Tuesday, 30 August 2011

Hidden Byzantium...

The Basilica Cistern in Istanbul is an extraordinary feat of Byzantine engineering.     It was begun in 532 by the Emperor Justinian, and the engineers used a site where there had been an even earlier cistern.     The Basilica Cistern ensured the City (the Byzantine capital of Constantinople) and the Imperial Palace had a constant supply of fresh water.    It has survived the ravages of time and conquest.    Wandering about Istanbul near Hagia Sophia and the Blue Mosque, it's hard to imagine the hidden cistern beneath your feet.   It's vast!  Here are some pictures my husband took on our visit to Istanbul.     The first one shows some of the columns that support the roof.   If they look classical in design, that's because they are classical, most of them being taken from earlier Roman buildings.    (An early example of recycling.)  It's cool in the cistern, and dark, and VERY quiet.  The columns seem to march off into infinity, it's like stepping into the hall of a subterranean king. 

   

Down there you have no idea that there is a thriving and bustling city overhead. The bases of some of the columns show heads that have come to us from Greek mythology.    You can find the Medusa...



The day we visited, shoals of fish were gliding through the water, we kept seeing flashes of gold and black and white, eerie shadows constantly shifting.  The Basilica Cistern is very inspiring, as soon as we went down the steps to see it, I knew that a scene in the second Palace Bride novel would have to be set there.

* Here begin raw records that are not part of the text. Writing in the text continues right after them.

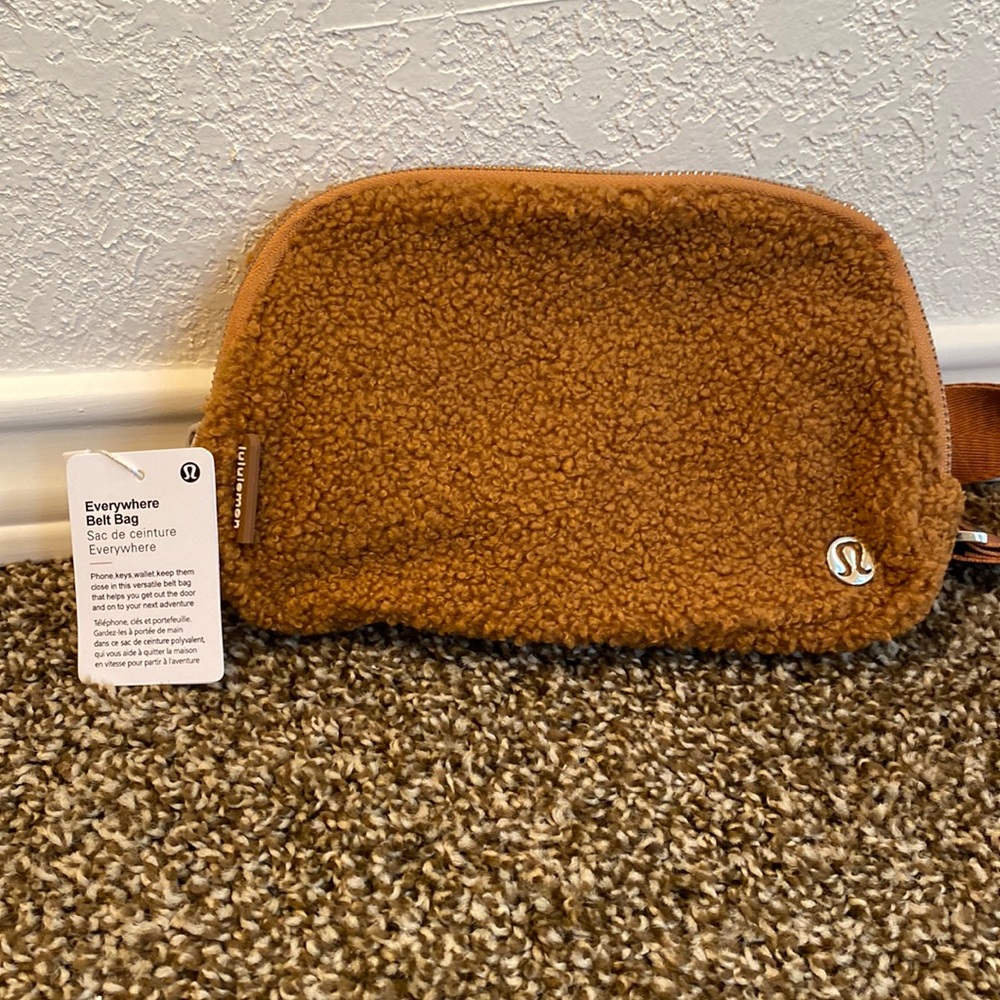 NWT Lululemon Everywhere Belt Bag. FIRM Price. NO Discounts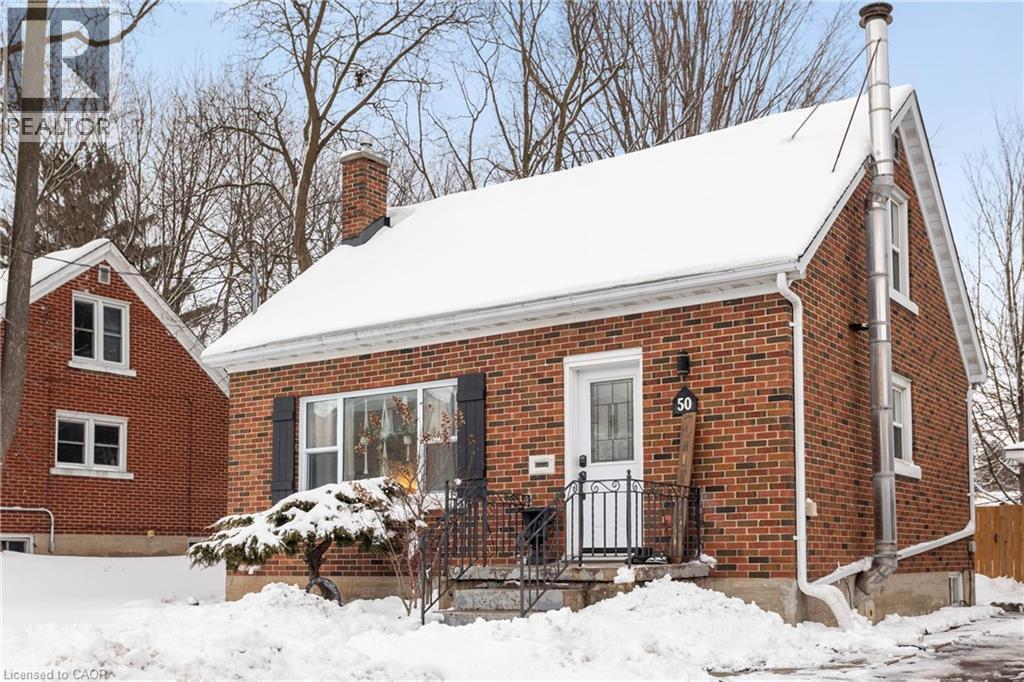 50 COLUMBIA Street W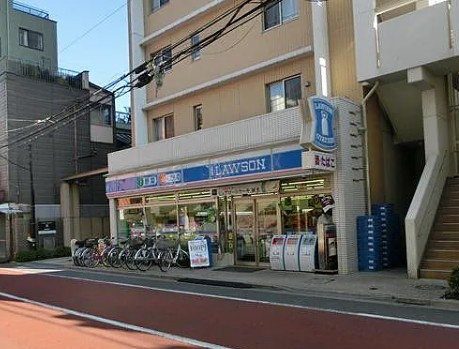 ファミール飛翔の周辺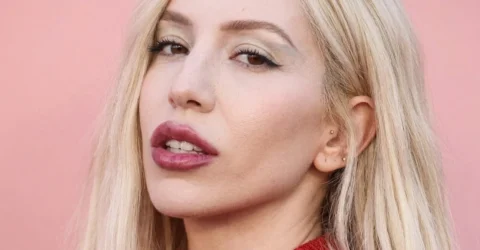 Ava Max a publicat o fotografie topless, primind 61.000 de aprecieri.
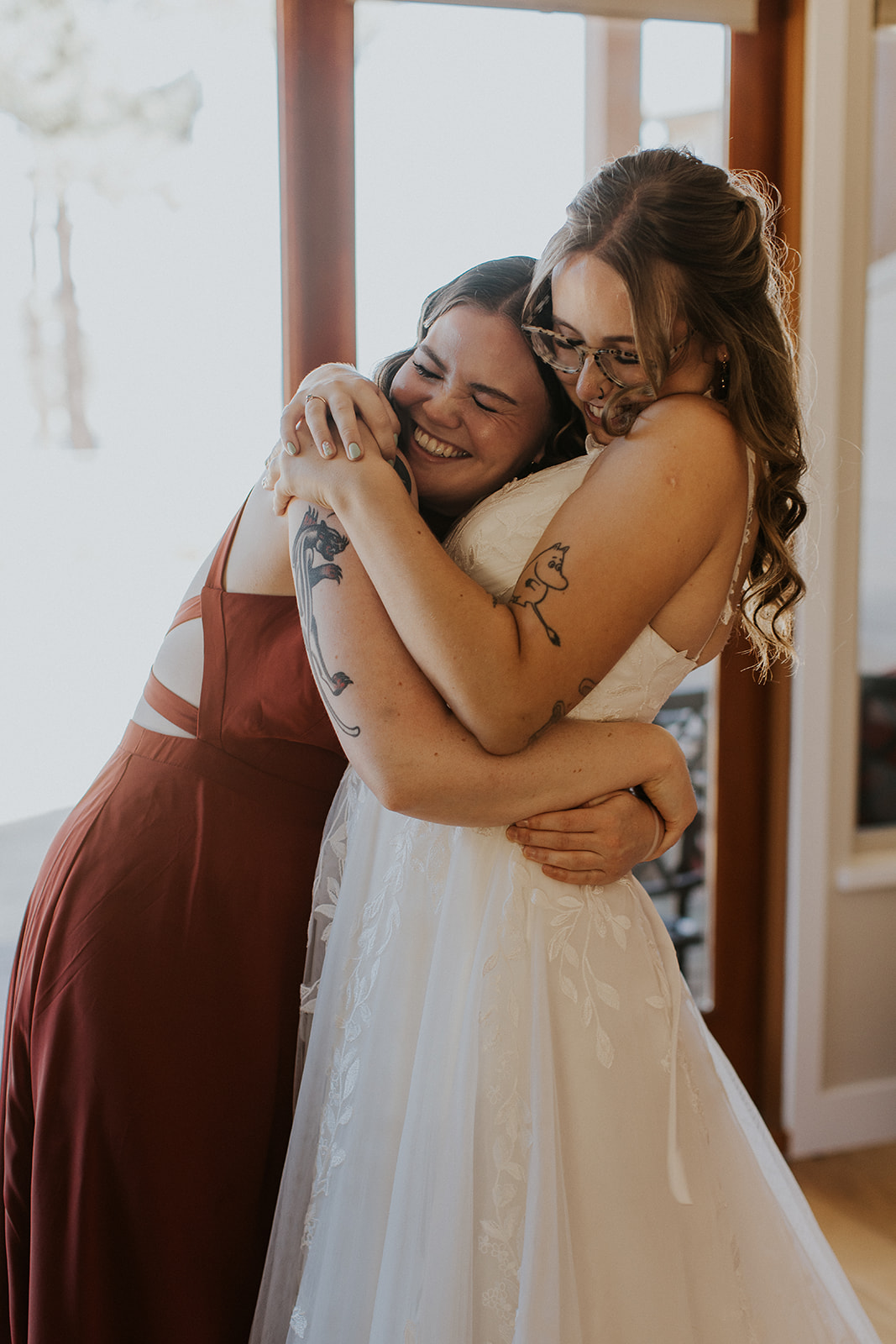 bride and maid of honour hugging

You can see the Basilica Cistern on this map of medieval Constantinople which shows part of the Great Palace.   You can find the cistern towards the top of the map.   Appologies for the blurriness of the image, I am not sure how to sharpen it.


Tuesday, 2 August 2011

A Byzantine Palanquin...

Of course, this is a picture of a sedan chair not a palanquin.  My husband and I stumbled across it in an English pub when we were on one of our week-end walks.     I probably shouldn't have been on a walk at all, because the deadline for my WIP is at the end of the month, and there's still a lot to do.One of the the scenes that particularly needs work is a scene where my Byzantine princess is carried to her wedding in a palanquin.   Could  I find a picture of  Byzantine Palanquin?   You may guess not.
A walk was needed.    Quite by chance we stumbled across this sedan chair in an inn.  The painting on the sides are quite beautiful, I don't know if you can see, but there's a French look to them.  And if you look closely you can see the metal loops at the bottom where the carrying bars would be placed.
There's a little more about how not to find a Byzantine palanquin and the mysteries of writing and research here on the Harlequin Historicals Author Blog

And if anyone has a picture of a real Byzantine palanquin, I would be very grateful!

By the way, the inn was the Crown at Chiddingfold, and I had mussels and chips for lunch...I LOVE mussels and chips.